For this exercise, restate word for word only the lines from the one containing "I have also" through the last line below. Pictures do not get copied.

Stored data
▼
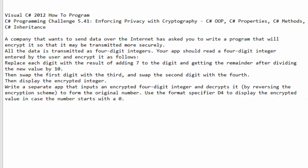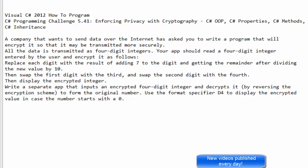Greetings fellow programmers, this is Pavel with a C-Sharp exercise from the book Visual C-Sharp 2012 How to Program. This is chapter 5, challenge 41: Enforcing Privacy with Cryptography. The assignment states that a company wants to send data over the internet and asks you to write a program that will encrypt it so it may be transmitted more securely. All data is transmitted as four-digit integers.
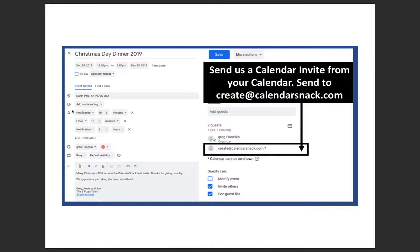I'm going to drop right into it. Send a calendar invite from your calendar — send it to create@calendarsnack.com. It's that easy. You can see in this fully qualified calendar client here, which is Google. I used 'Christmas Day Dinner 2019' as a header, filled in North Pole, filled in content in the description area. Short and sweet. I sent a copy of this to create@calendarsnack.com.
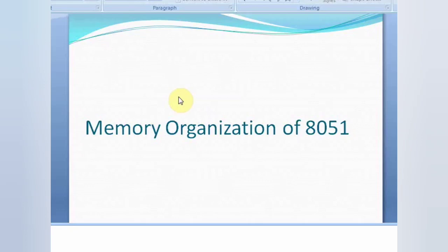Hello and welcome to Electronic Solutions. If you are new to the channel then please subscribe and hit the bell icon for the latest notifications. In today's video I am going to explain 8051 memory organization.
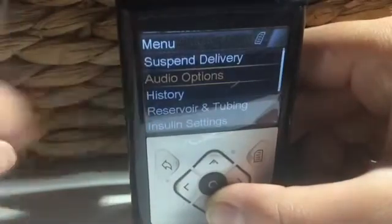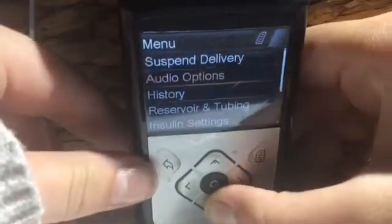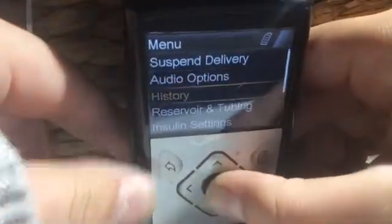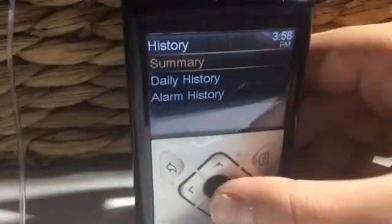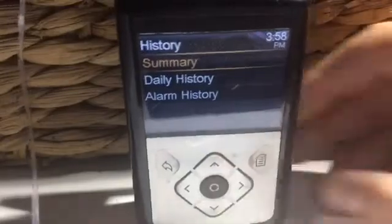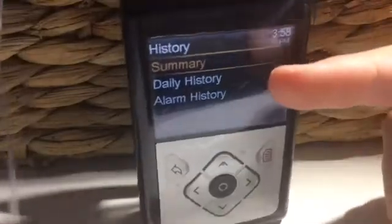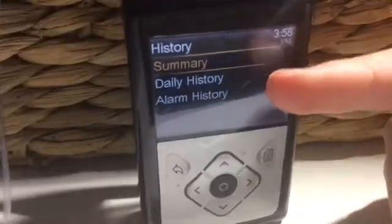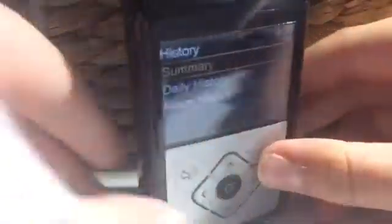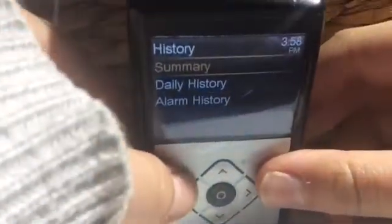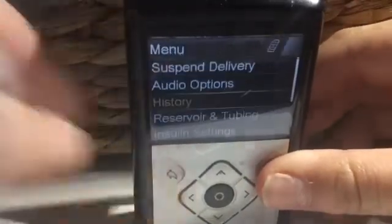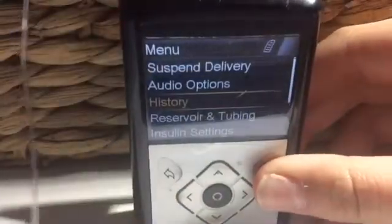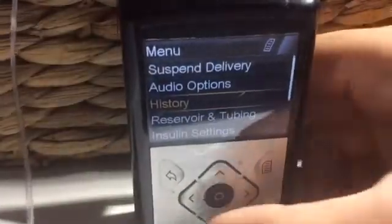Next, history. The history symbol shows you everything that you have done throughout the day — your BGL, your alerts, and what you've been given. This feature is so useful if you forget something or if you just want to know something.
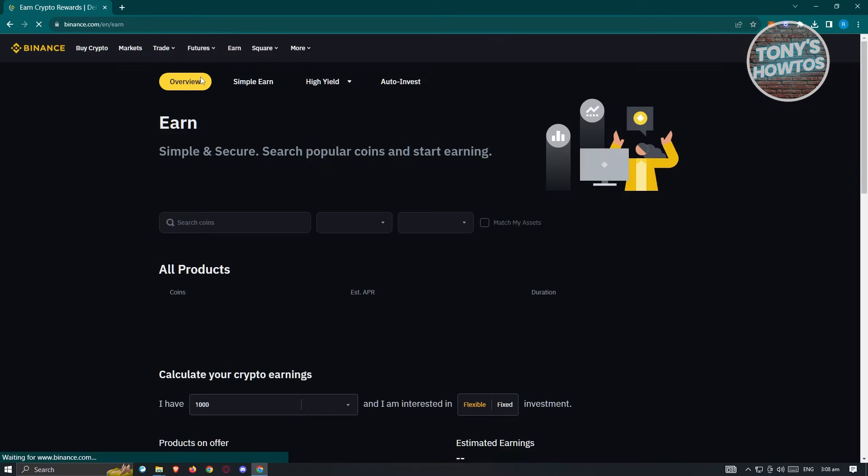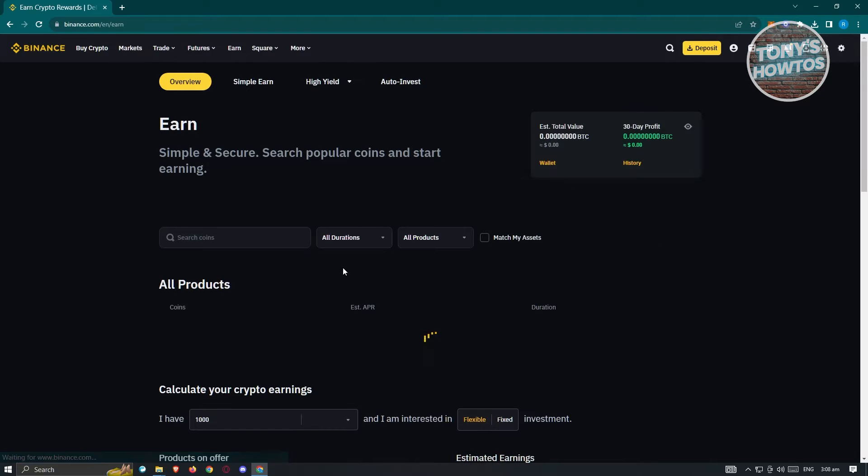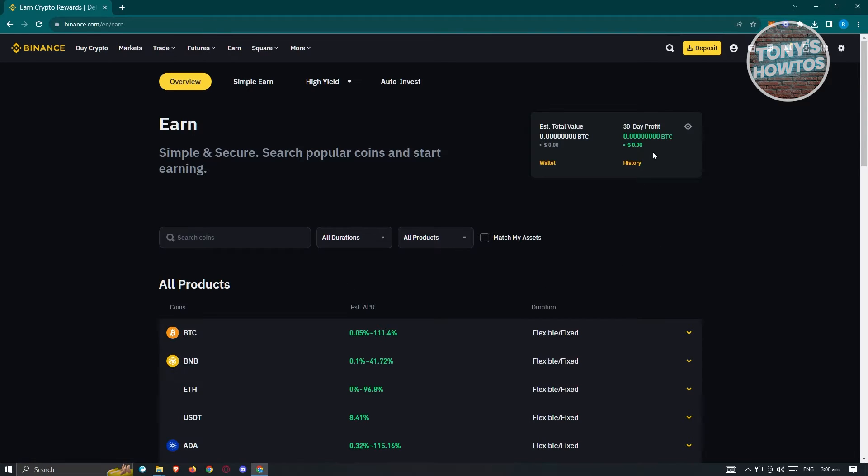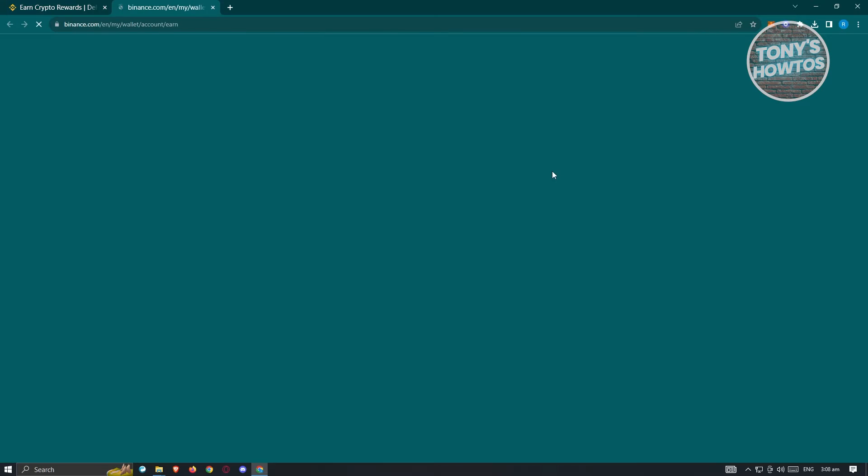And from here, you should see the details for Earn. Now in this case, at the right side here, you should see an option or a link for Wallet. So go ahead and click on it.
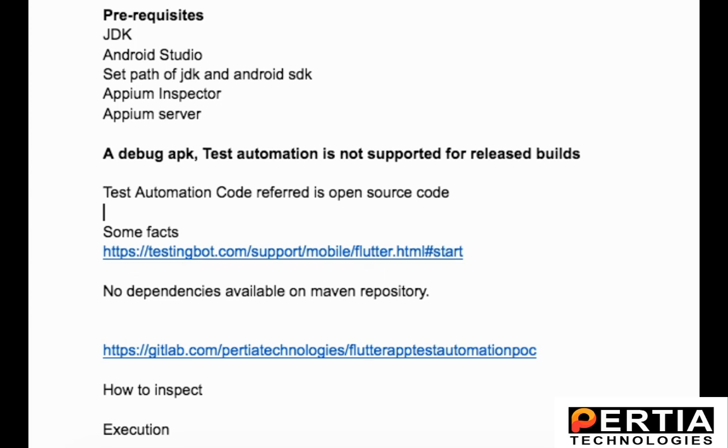I have also uploaded this POC code on GitLab, so I will be mentioning this link in the description.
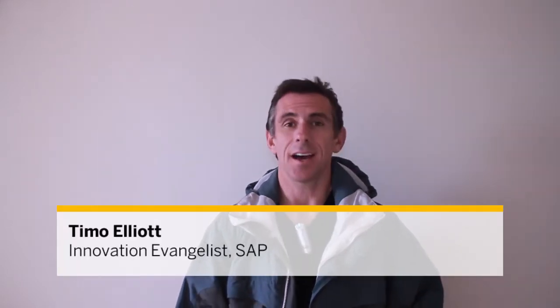Hi, my name is Timo Elliott and I'm an innovation evangelist with SAP. I'd like to show you how to do some deep skiing analytics with a combination of SAP Visual Intelligence, an iPhone application called SensorData, and a helmet-mounted GoPro camera. Let's take a look.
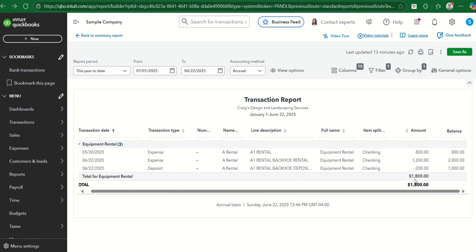So that's how to categorize an expense refund. Put it in the same expense category as the original expenses.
▲
OUTPUT BELOW –
I have also uploaded this POC code on GitLab, so I will be mentioning this link in the description.
Hi, my name is Timo Elliott and I'm an innovation evangelist with SAP. I'd like to show you how to do some deep skiing analytics with a combination of SAP Visual Intelligence, an iPhone application called SensorData, and a helmet-mounted GoPro camera. Let's take a look.
So that's how to categorize an expense refund. Put it in the same expense category as the original expenses.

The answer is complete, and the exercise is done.